- [Instructions to follow] Could you restate, exactly and with nothing added, the lines from the start of the data through the line that holds "A wooden porch", leaving the pictures out?

- [Source records]
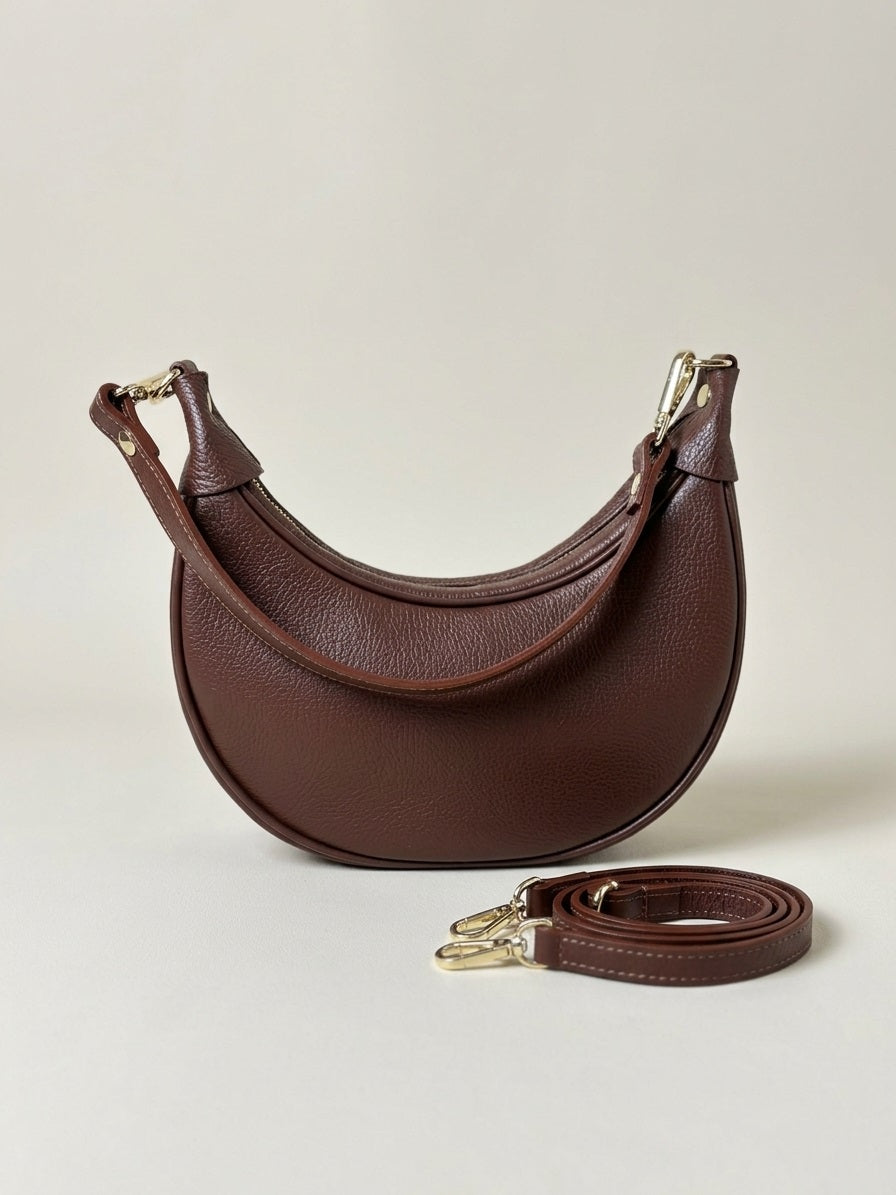 Bruine leren Emma Bag met losse schouderband en gold clasps, clean neutral luxe studio setting.
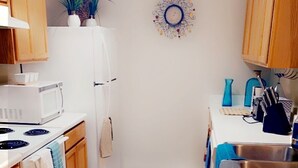 A compact kitchen with wooden cabinets, a white refrigerator, a microwave, a stove, and a sink. There are two rugs on the floor and a decorative wall piece above the sink. - Relax near downtown Atlanta (Lithonia)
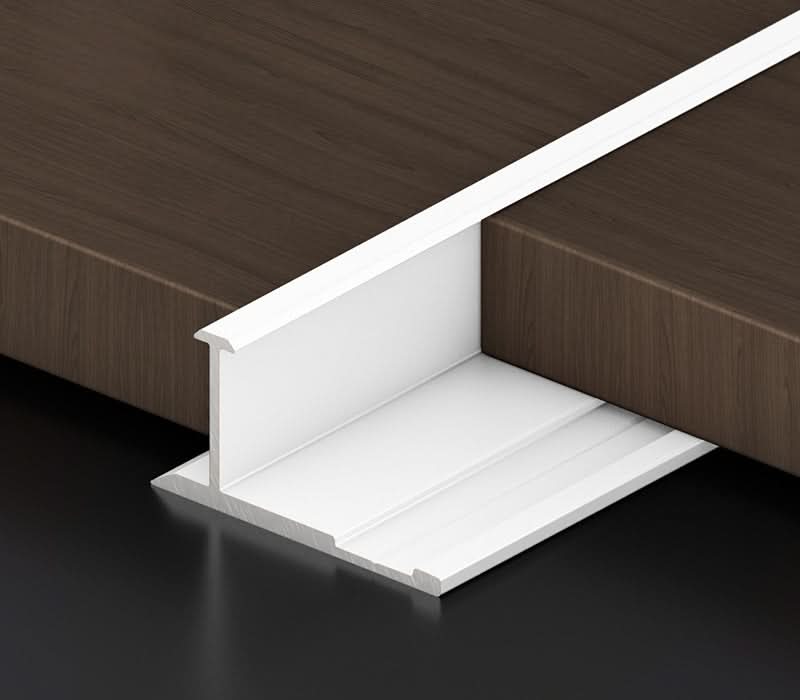 White aluminum wall panel T trim installed between panels for clean joint finishing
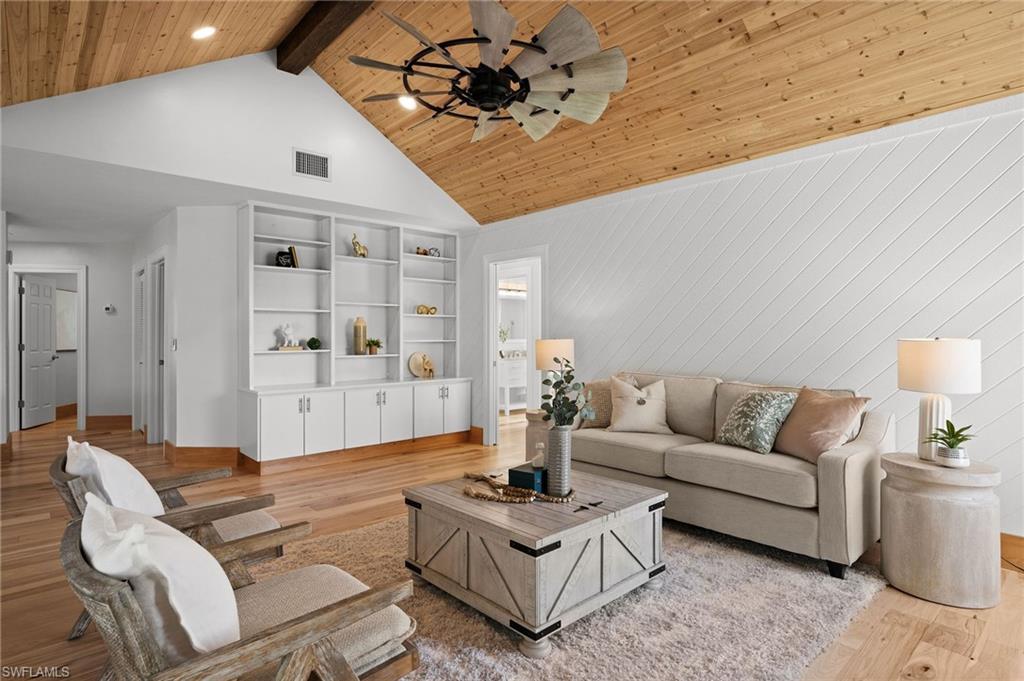 2012 Prince Drive Naples, FL 34110 - Photo 19 of 41 a living room with furniture and wooden floor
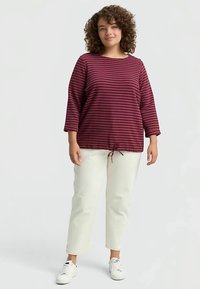 Langærmet top med brede striber i bordeaux og mørk rosa, rund halsudskæring og justerbar snøre i kanten, kombineret med hvide bukser og sneakers.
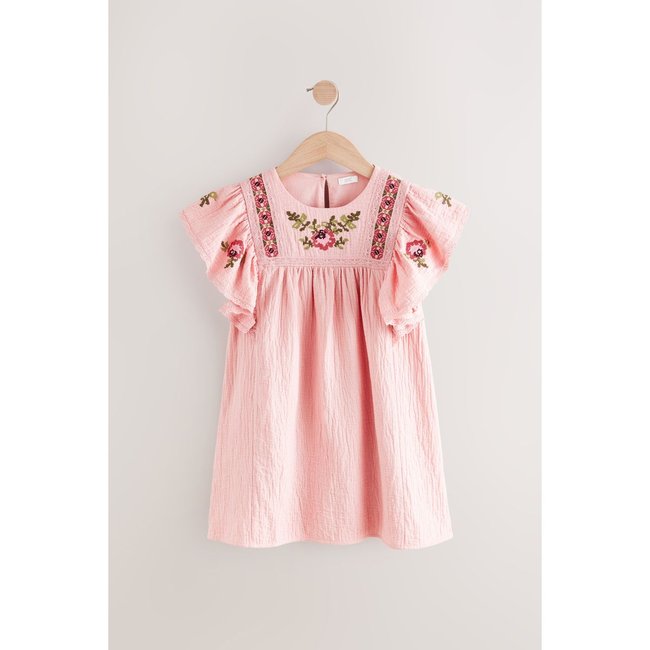 Robe brodée rose <span itemprop=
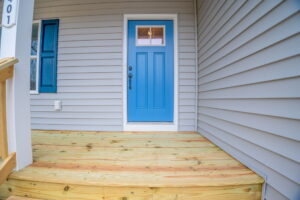 A wooden porch leads to a closed blue front door with a window panel, flanked by blue shutters on a grey house exterior.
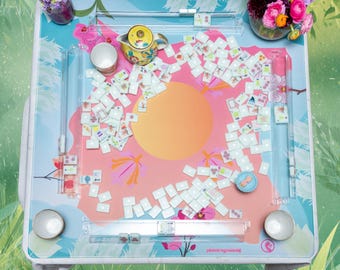 Puede incluir: Un juego de Mahjong con temática floral. El tablero rosa y azul presenta un círculo naranja. El juego incluye fichas, una tetera, tazas y flores en jarrones. El tablero está diseñado con un patrón floral.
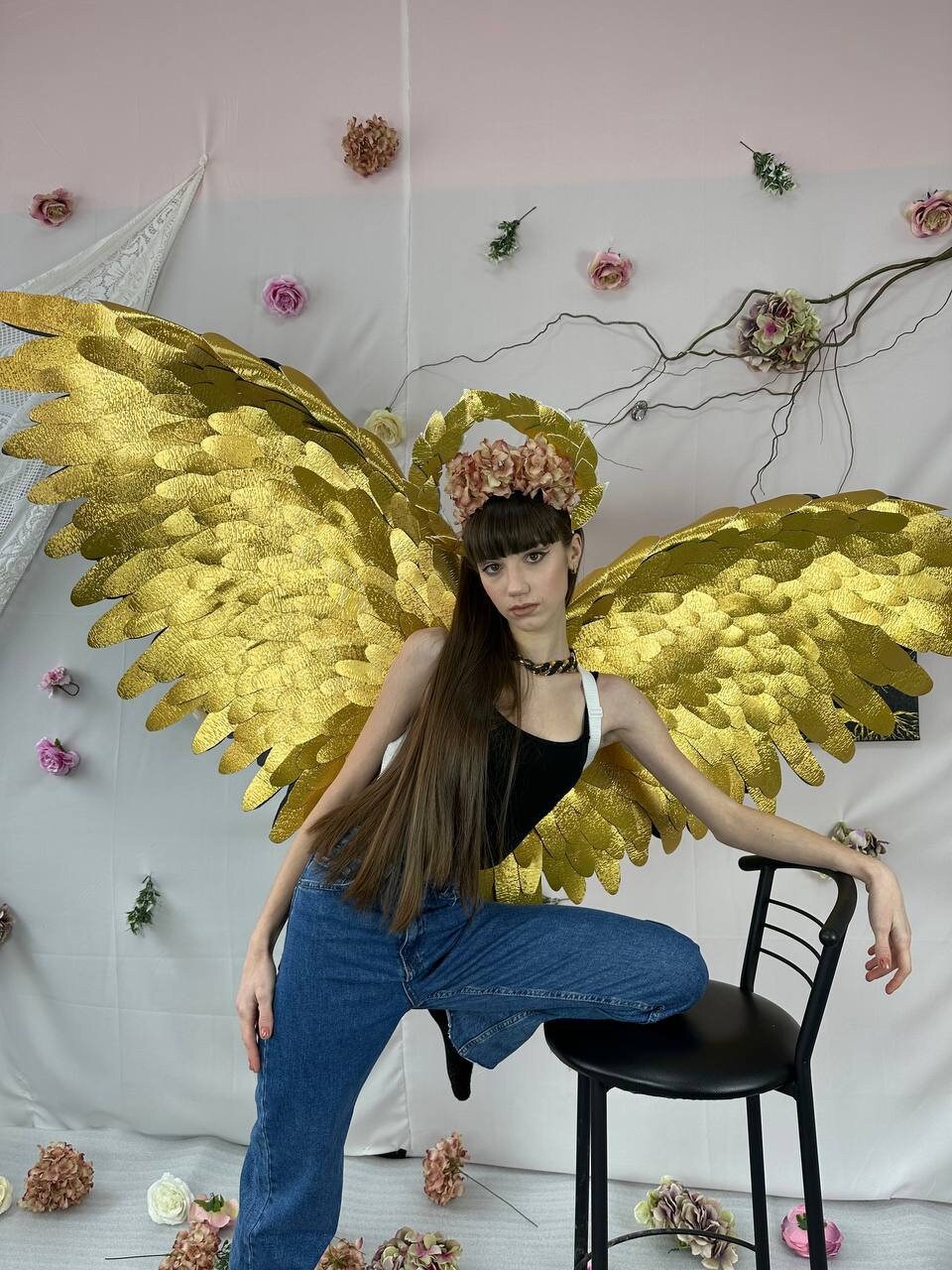 May include: A person wearing a black tank top and blue jeans poses with large gold angel wings and a flower crown. The background is a pink and white wall with a white lace curtain and a branch with pink flowers.
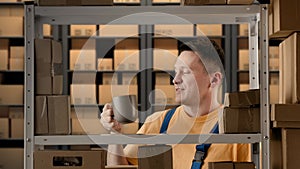 Portrait of male working in storage. Man storekeeper standing near rack taking mug drinks coffee enjoys, talking smiling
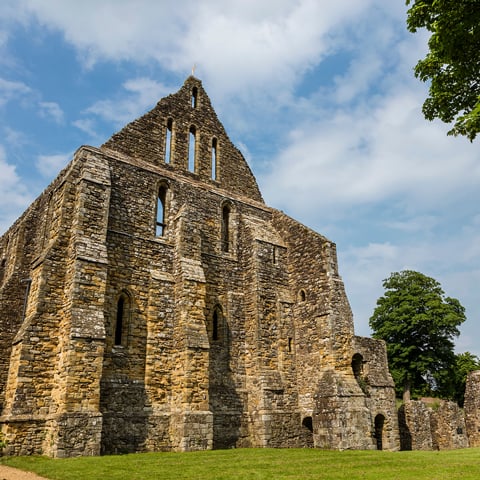 A low angle view of Battle Abbey underneath a blue sky.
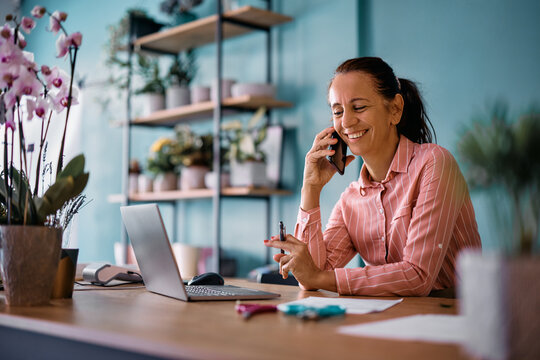 Happy Flower Shop Worker Using Laptop While Talking On Cell Phone At Floral Store.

- [Output for this task]
 Bruine leren Emma Bag met losse schouderband en gold clasps, clean neutral luxe studio setting.
 A compact kitchen with wooden cabinets, a white refrigerator, a microwave, a stove, and a sink. There are two rugs on the floor and a decorative wall piece above the sink. - Relax near downtown Atlanta (Lithonia)
 White aluminum wall panel T trim installed between panels for clean joint finishing
 2012 Prince Drive Naples, FL 34110 - Photo 19 of 41 a living room with furniture and wooden floor
 Langærmet top med brede striber i bordeaux og mørk rosa, rund halsudskæring og justerbar snøre i kanten, kombineret med hvide bukser og sneakers.
 Robe brodée rose <span itemprop=
 A wooden porch leads to a closed blue front door with a window panel, flanked by blue shutters on a grey house exterior.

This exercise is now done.